Tutorial on using undressAI to create pornographic pictures/videos: 1. Open the corresponding tool web link; 2. Click the tool button; 3. Upload the required content for production according to the page prompts; 4. Save and enjoy the results.

The official address of undress AI is:https://undressaitool.ai/;undressAI is Powerful mobile app with advanced AI features for adult content. Create AI-generated pornographic images or videos now!

Tutorial on using undressAI to create pornographic pictures/videos: 1. Open the corresponding tool web link; 2. Click the tool button; 3. Upload the required content for production according to the page prompts; 4. Save and enjoy the results.

The official address of undress AI is:https://undressaitool.ai/;undressAI is Powerful mobile app with advanced AI features for adult content. Create AI-generated pornographic images or videos now!

Tutorial on using undressAI to create pornographic pictures/videos: 1. Open the corresponding tool web link; 2. Click the tool button; 3. Upload the required content for production according to the page prompts; 4. Save and enjoy the results.
![[Ghibli-style images with AI] Introducing how to create free images with ChatGPT and copyright](https://img.php.cn/upload/article/001/242/473/174707263295098.jpg?x-oss-process=image/resize,p_40)
The latest model GPT-4o released by OpenAI not only can generate text, but also has image generation functions, which has attracted widespread attention. The most eye-catching feature is the generation of "Ghibli-style illustrations". Simply upload the photo to ChatGPT and give simple instructions to generate a dreamy image like a work in Studio Ghibli. This article will explain in detail the actual operation process, the effect experience, as well as the errors and copyright issues that need to be paid attention to. For details of the latest model "o3" released by OpenAI, please click here⬇️ Detailed explanation of OpenAI o3 (ChatGPT o3): Features, pricing system and o4-mini introduction Please click here for the English version of Ghibli-style article⬇️ Create Ji with ChatGPT

As a new communication method, the use and introduction of ChatGPT in local governments is attracting attention.

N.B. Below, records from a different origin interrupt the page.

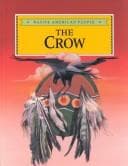 Tapa de The crow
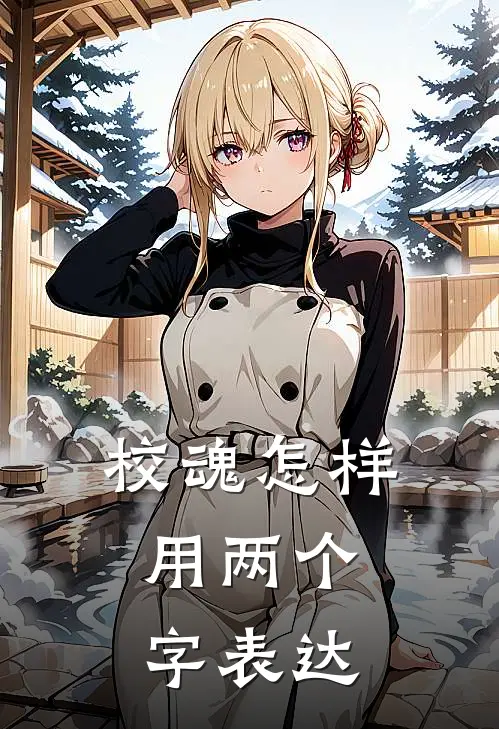 校魂怎样,用两个字表达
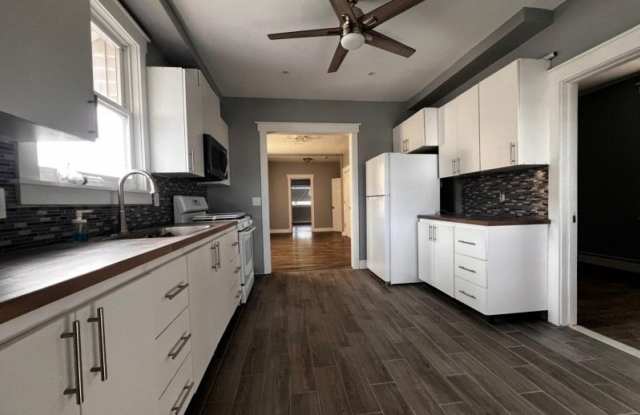 220 Rankin St - 220 Rankin Street, Elizabeth, NJ 07206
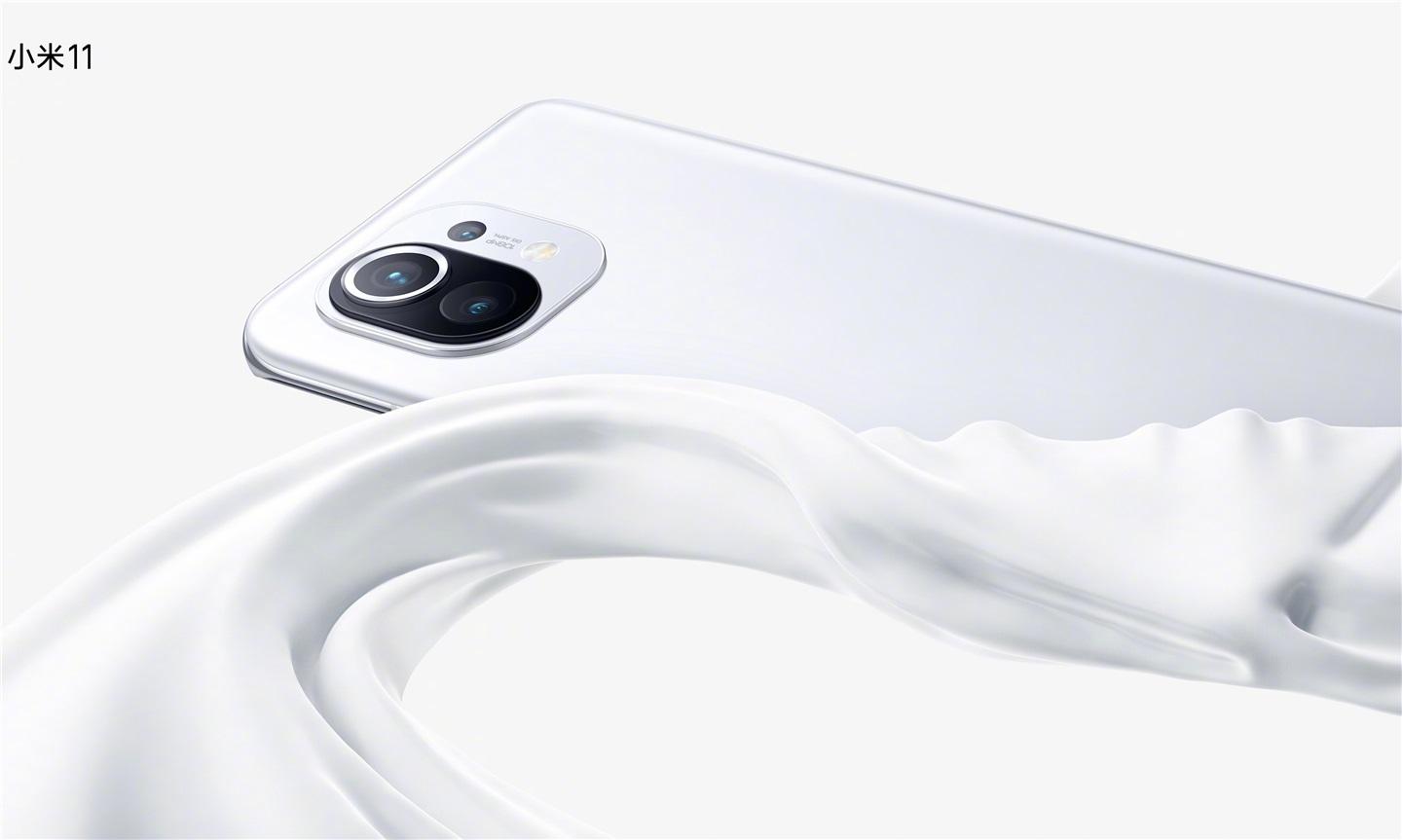 潘九堂：小米 11 成本和苹果 iPhone 12 差不多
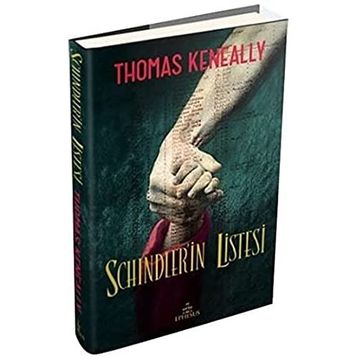 Schindler’in Listesi - Thomas Keneally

While this trend is progressing in a wide range of areas, some local governments have declined to use ChatGPT. In this article, we will introduce examples of ChatGPT implementation in local governments. We will explore how we are achieving quality and efficiency improvements in local government services through a variety of reform examples, including supporting document creation and dialogue with citizens. Not only local government officials who aim to reduce staff workload and improve convenience for citizens, but also all interested in advanced use cases.


Hot AI Tools

Undresser.AI Undress
AI-powered app for creating realistic nude photos

AI Clothes Remover
Online AI tool for removing clothes from photos.

Undress AI Tool
Undress images for free

Clothoff.io
AI clothes remover

Video Face Swap
Swap faces in any video effortlessly with our completely free AI face swap tool!

Hot Article

Hot Tools

Zend Studio 13.0.1
Powerful PHP integrated development environment

SublimeText3 Linux new version
SublimeText3 Linux latest version

DVWA
Damn Vulnerable Web App (DVWA) is a PHP/MySQL web application that is very vulnerable. Its main goals are to be an aid for security professionals to test their skills and tools in a legal environment, to help web developers better understand the process of securing web applications, and to help teachers/students teach/learn in a classroom environment Web application security. The goal of DVWA is to practice some of the most common web vulnerabilities through a simple and straightforward interface, with varying degrees of difficulty. Please note that this software

SAP NetWeaver Server Adapter for Eclipse
Integrate Eclipse with SAP NetWeaver application server.

SublimeText3 English version
Recommended: Win version, supports code prompts!